A direção específica da colaboração é explorar soluções de integração entre o computador quântico de átomos neutros da Atom Computing e o hardware de rede fotónica da Nu Quantum, conectando, em última análise, múltiplos processadores num sistema distribuído. Carmen Palacios-Berraquero, fundadora e CEO da Nu Quantum, afirmou no evento "Commercialising Quantum" organizado pela revista The Economist em Londres que a construção de sistemas quânticos de nível prático exige a utilização simultânea de métodos de escalonamento vertical e horizontal, seguindo o mesmo caminho de desenvolvimento dos centros de dados clássicos.
Palacios-Berraquero fez uma analogia entre a computação quântica e a computação clássica: o escalonamento vertical refere-se à criação de processadores maiores e mais eficientes, enquanto o escalonamento horizontal envolve a conexão de múltiplos processadores para construir sistemas cuja escala ultrapassa largamente a de um único dispositivo.
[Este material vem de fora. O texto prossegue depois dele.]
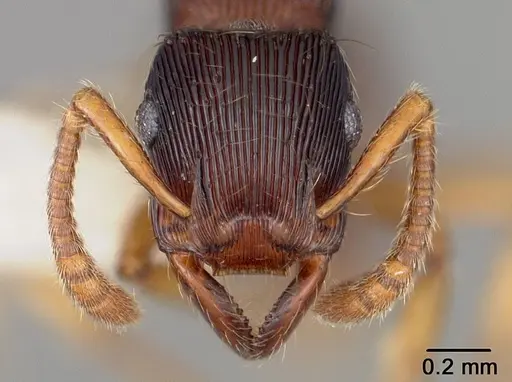 Gnamptogenys horni specimen USNMENT00441280 image usnment00441280_2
Ela destacou que cada mudança de paradigma na história da computação resultou da criação de processadores melhores, mais eficientes e mais poderosos, bem como da sua integração em máquinas várias ordens de grandeza mais potentes do que um único processador.
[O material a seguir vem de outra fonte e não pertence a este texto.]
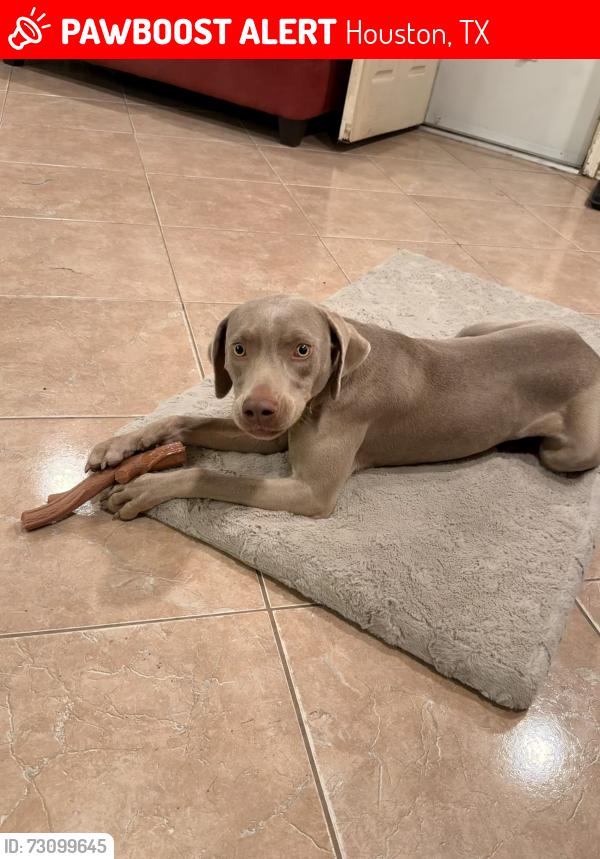 Lost Female Dog last seen Fuqua and blackhawk, Houston, TX 77075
Tradicionalmente, a maioria das empresas de hardware quântico concentrava-se no desenvolvimento de processadores grandes e individuais com mais qubits. No entanto, Palacios-Berraquero mencionou que vários fornecedores líderes, incluindo IBM, Rigetti e IQM, já incorporaram funcionalidades de rede nos seus roteiros tecnológicos de longo prazo. O objetivo central da rede quântica é estabelecer ligações de emaranhamento entre qubits em diferentes processadores, fazendo com que cada QPU deixe de funcionar como um sistema independente e passe a ser parte integrante de uma arquitetura de computação maior.
Palacios-Berraquero explicou que a abordagem atual consiste em criar ligações de emaranhamento dentro da QPU e estendê-las aos qubits de diferentes QPUs, formando assim uma superfície de qubits emaranhados maior a nível global. Ao contrário das redes tradicionais, que transmitem pacotes de dados, as redes quânticas transmitem estados quânticos codificados em fotões individuais, sendo o desafio manter as propriedades quânticas necessárias para criar o emaranhamento entre processadores remotos.
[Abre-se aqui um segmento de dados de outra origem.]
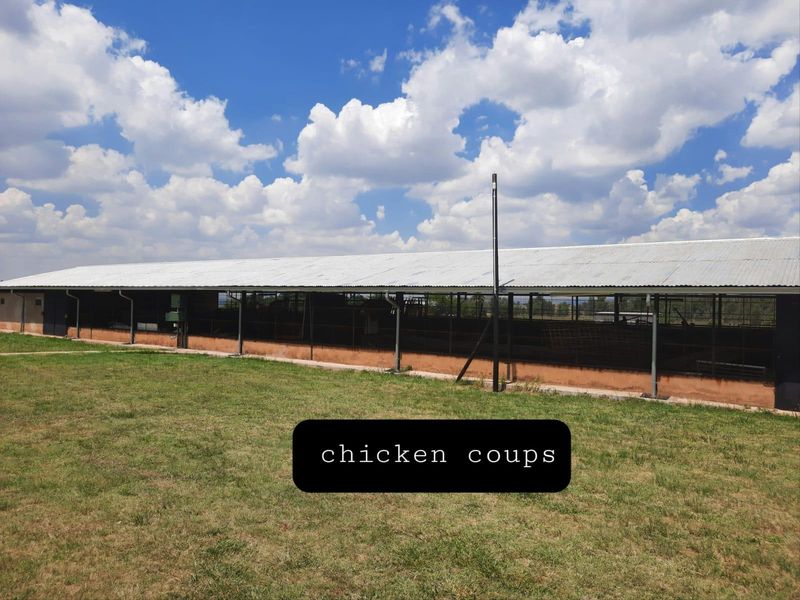 Large agricultural utility structure featuring a corrugated metal roof, steel support columns, and wire mesh fencing, suitable for livestock or storage purposes.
Esta abordagem distribuída pode alterar a forma como a futura infraestrutura quântica será implantada nos centros de dados. Os operadores podem implementar múltiplas QPUs interconectadas e ligá-las através de hardware de rede quântica dedicado, em vez de depender de um único processador quântico grande. Esta mudança poderá, em última análise, impulsionar a transição da infraestrutura de computação quântica de processadores independentes para sistemas quânticos interligados, construídos com base nos princípios dos atuais centros de dados.